* [TRY IT]
Return the data word for word. Pictures are to be omitted.

Web page caption snippets
----

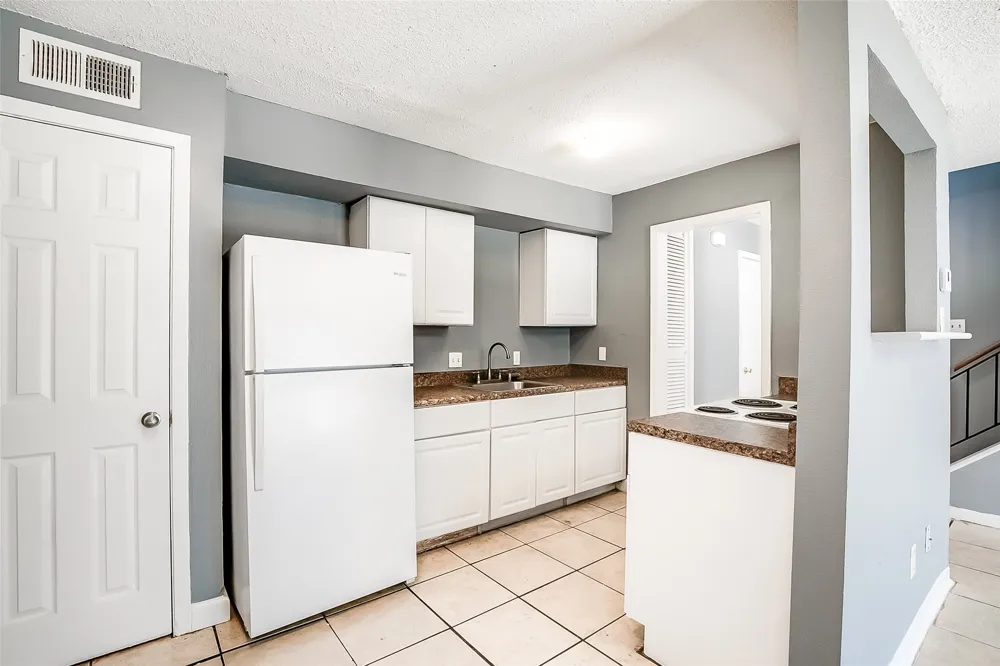 2215 Missionhill Drive #104 Austin, TX 78741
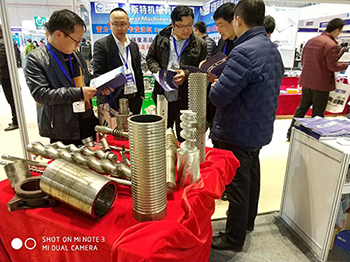 騰創(chuàng)團隊會議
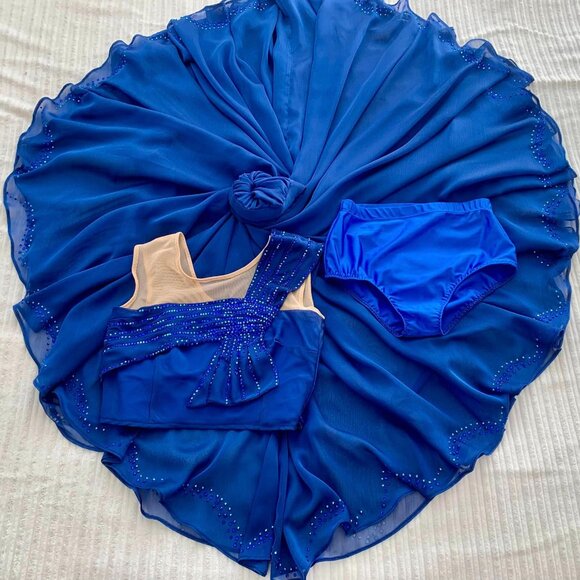 Rich bleu lyrical dance set - Picture 2 of 5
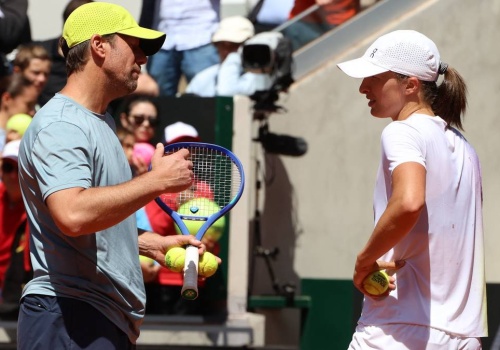 Cała Belgia mówi jednym głosem! Oto powód rozstania Świątek z Fissette’em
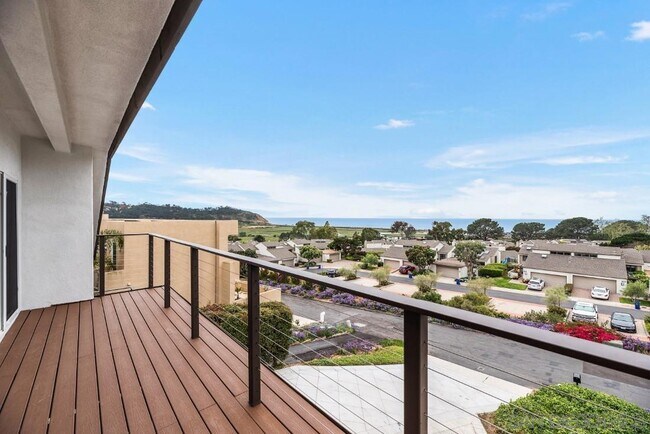 Building Photo - 13045 Via Esperia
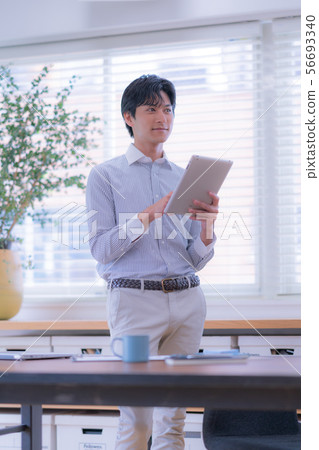 商人白天人室內室內工作偶然1個人1個人1個人 56693340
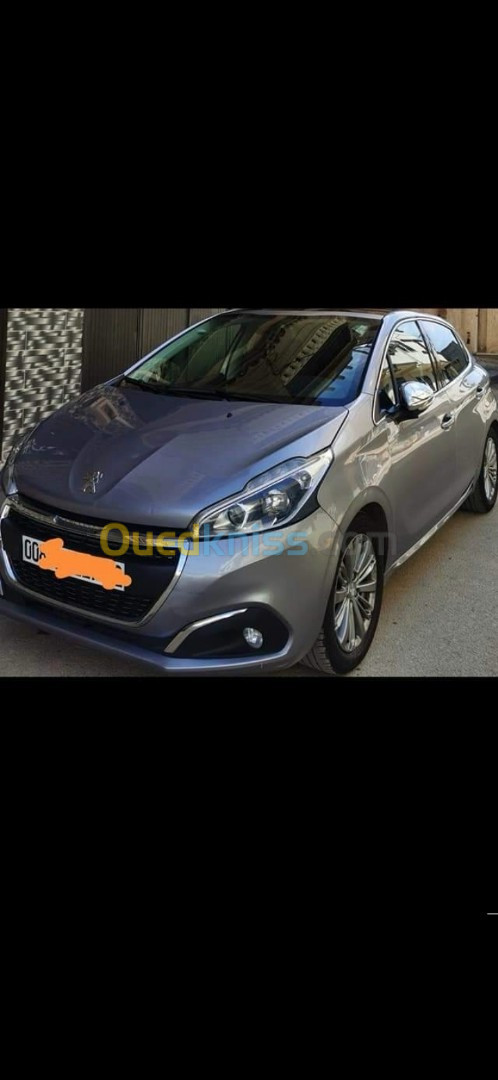 Peugeot 208 2019 Allure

----

* [WRITTEN REPLY]
 2215 Missionhill Drive #104 Austin, TX 78741
 騰創(chuàng)團隊會議
 Rich bleu lyrical dance set - Picture 2 of 5
 Cała Belgia mówi jednym głosem! Oto powód rozstania Świątek z Fissette’em
 Building Photo - 13045 Via Esperia
 商人白天人室內室內工作偶然1個人1個人1個人 56693340
 Peugeot 208 2019 Allure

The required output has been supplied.